- Provided data
----

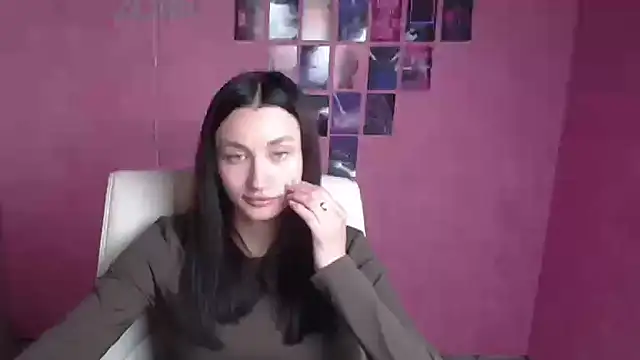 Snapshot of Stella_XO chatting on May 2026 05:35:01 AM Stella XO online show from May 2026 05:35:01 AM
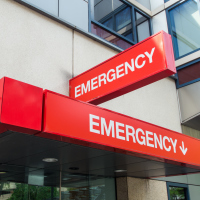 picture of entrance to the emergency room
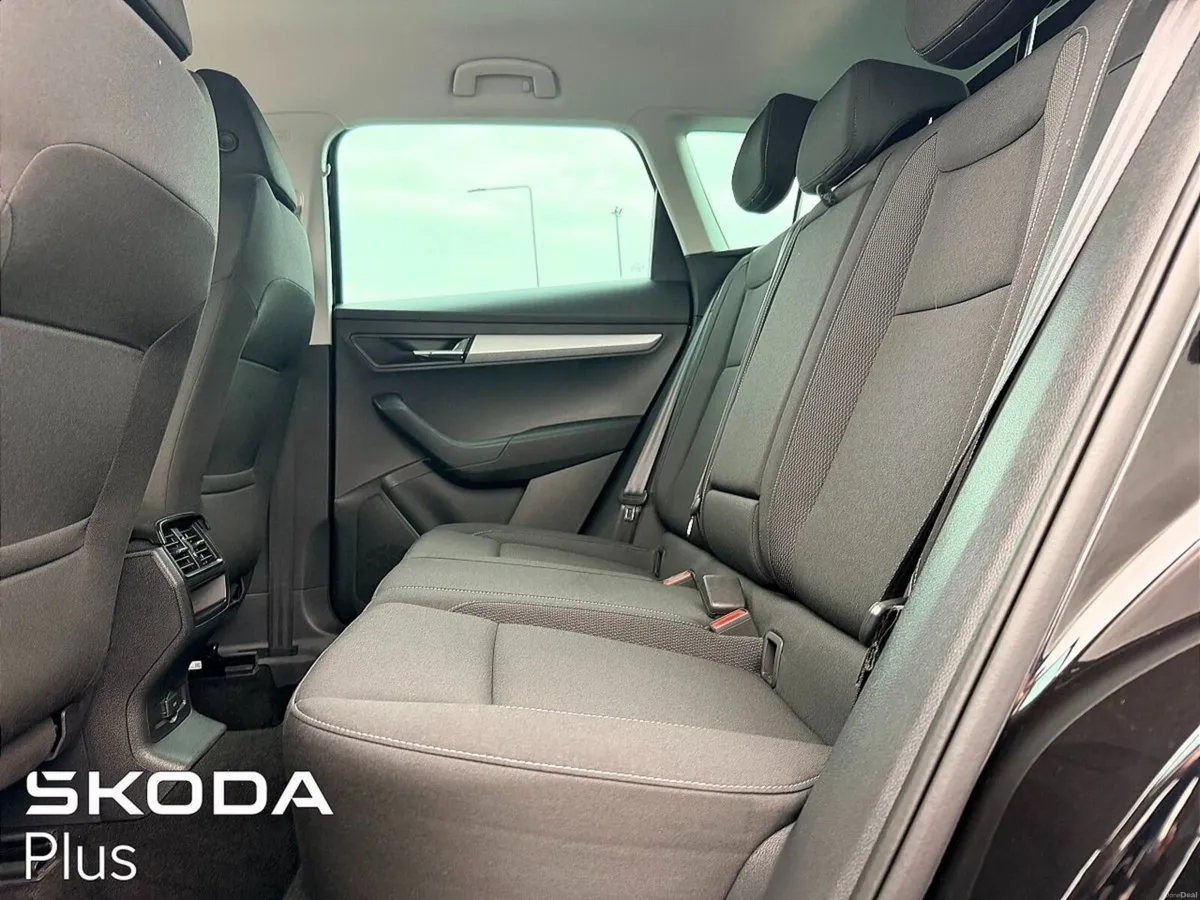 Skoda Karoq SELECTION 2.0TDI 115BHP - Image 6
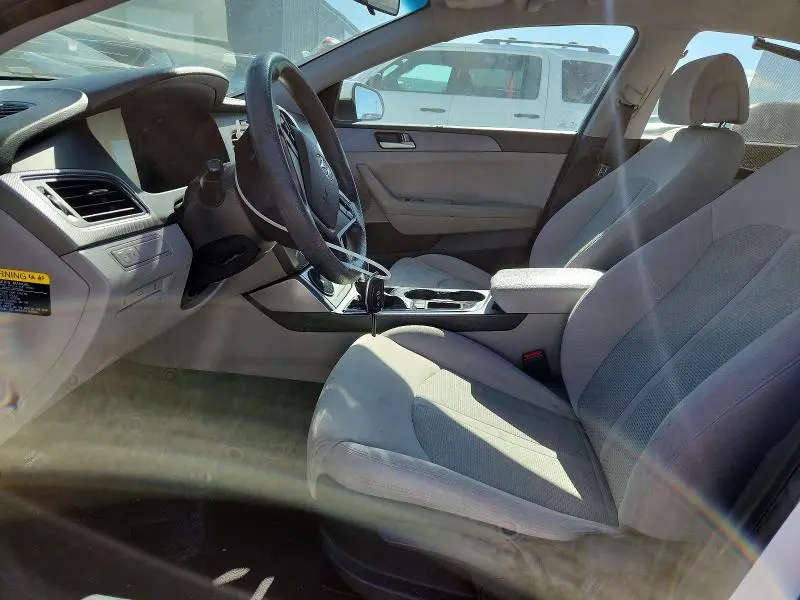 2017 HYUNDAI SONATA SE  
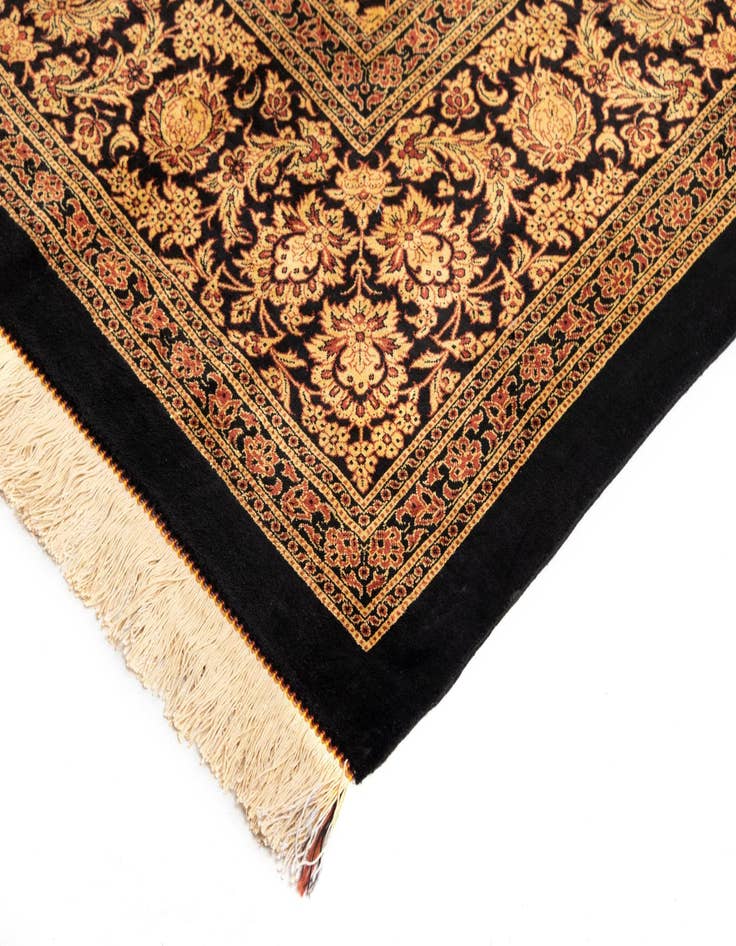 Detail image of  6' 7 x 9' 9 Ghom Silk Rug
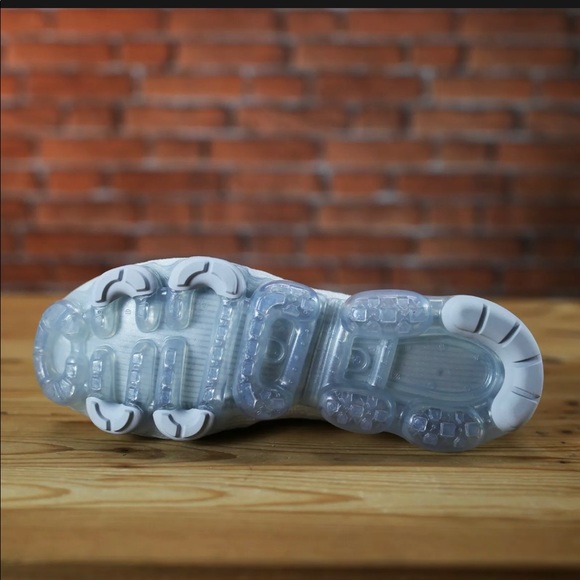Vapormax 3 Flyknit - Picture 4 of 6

----

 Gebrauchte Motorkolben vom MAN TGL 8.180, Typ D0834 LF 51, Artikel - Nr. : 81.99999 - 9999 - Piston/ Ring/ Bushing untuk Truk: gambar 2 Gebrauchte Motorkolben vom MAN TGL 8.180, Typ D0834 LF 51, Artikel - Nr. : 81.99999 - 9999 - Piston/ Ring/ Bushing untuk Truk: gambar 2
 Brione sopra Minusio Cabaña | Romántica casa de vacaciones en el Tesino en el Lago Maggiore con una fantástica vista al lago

----

- Exercise instructions
Every line from the one with "picture of entrance to the emergency room" through the one with "Vapormax 3 Flyknit - Picture 4 of 6" is to be reproduced exactly as written above, and the pictures are to be dropped.

- Answer section
 picture of entrance to the emergency room
 Skoda Karoq SELECTION 2.0TDI 115BHP - Image 6
 2017 HYUNDAI SONATA SE  
 Detail image of  6' 7 x 9' 9 Ghom Silk Rug
Vapormax 3 Flyknit - Picture 4 of 6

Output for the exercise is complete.